-
Notifications
You must be signed in to change notification settings - Fork 309
Open
Labels
Description
Describe the bug
When following the sample example in the EAGLE speculative decoding training on an 8xB200 node, FSDP is used by default but crashes due to some incompatibility / unavailability of FSDP2.
Broken as of #922
Steps/Code to reproduce bug
Follow the default, Llama 3.2-1B EAGLE3 online training from the README:
./launch_train.sh --model meta-llama/Llama-3.2-1B-Instruct\
--output_dir temp_logs/ \
--data input_conversations/daring-anteater.jsonl \
--num_epochs 1 \
--eagle_config eagle_config.json --ar_validate_steps -1 --train_bs 1
Crash log:
[rank2]: Traceback (most recent call last):
[rank2]: File "/root/eagle/ModelOptNew/examples/speculative_decoding/main.py", line 255, in <module>
[rank2]: train()
[rank2]: File "/root/eagle/ModelOptNew/examples/speculative_decoding/main.py", line 233, in train
[rank2]: trainer = EagleTrainerWithAccLog(
[rank2]: File "/root/eagle/ModelOptNew/.venv/lib/python3.10/site-packages/transformers/utils/deprecation.py", line 172, in wrapped_func
[rank2]: return func(*args, **kwargs)
[rank2]: File "/root/eagle/ModelOptNew/.venv/lib/python3.10/site-packages/transformers/trainer.py", line 458, in __init__
[rank2]: self.create_accelerator_and_postprocess()

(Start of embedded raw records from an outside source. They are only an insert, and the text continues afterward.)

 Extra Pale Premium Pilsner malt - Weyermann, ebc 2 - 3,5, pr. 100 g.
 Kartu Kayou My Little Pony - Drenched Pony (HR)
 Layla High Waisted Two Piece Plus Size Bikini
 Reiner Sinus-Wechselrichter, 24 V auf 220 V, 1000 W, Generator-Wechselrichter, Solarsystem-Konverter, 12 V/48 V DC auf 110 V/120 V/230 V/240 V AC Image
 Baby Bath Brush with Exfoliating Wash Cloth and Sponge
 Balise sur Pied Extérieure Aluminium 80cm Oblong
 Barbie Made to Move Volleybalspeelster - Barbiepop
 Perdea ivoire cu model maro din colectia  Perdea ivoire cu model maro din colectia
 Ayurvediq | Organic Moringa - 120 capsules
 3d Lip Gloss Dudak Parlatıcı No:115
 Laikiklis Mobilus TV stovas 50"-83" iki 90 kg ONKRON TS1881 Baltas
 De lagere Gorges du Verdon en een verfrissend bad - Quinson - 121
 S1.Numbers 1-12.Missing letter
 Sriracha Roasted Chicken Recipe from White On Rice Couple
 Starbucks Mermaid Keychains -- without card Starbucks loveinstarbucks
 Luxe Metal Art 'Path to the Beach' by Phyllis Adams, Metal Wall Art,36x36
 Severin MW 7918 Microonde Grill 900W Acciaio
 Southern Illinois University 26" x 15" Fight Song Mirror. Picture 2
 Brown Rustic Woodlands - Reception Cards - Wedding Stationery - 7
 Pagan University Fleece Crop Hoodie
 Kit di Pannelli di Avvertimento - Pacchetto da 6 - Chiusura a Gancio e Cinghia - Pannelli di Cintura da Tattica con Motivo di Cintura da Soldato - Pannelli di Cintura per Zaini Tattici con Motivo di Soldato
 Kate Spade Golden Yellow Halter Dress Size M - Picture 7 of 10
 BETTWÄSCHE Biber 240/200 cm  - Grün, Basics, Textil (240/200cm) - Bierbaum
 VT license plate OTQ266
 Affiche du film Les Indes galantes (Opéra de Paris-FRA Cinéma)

[rank2]: File "/root/eagle/ModelOptNew/.venv/lib/python3.10/site-packages/transformers/trainer.py", line 5512, in create_accelerator_and_postprocess
[rank2]: self.accelerator = Accelerator(**args)
[rank2]: File "/root/eagle/ModelOptNew/.venv/lib/python3.10/site-packages/accelerate/accelerator.py", line 475, in __init__
[rank2]: self.parallelism_config._validate_accelerator(self)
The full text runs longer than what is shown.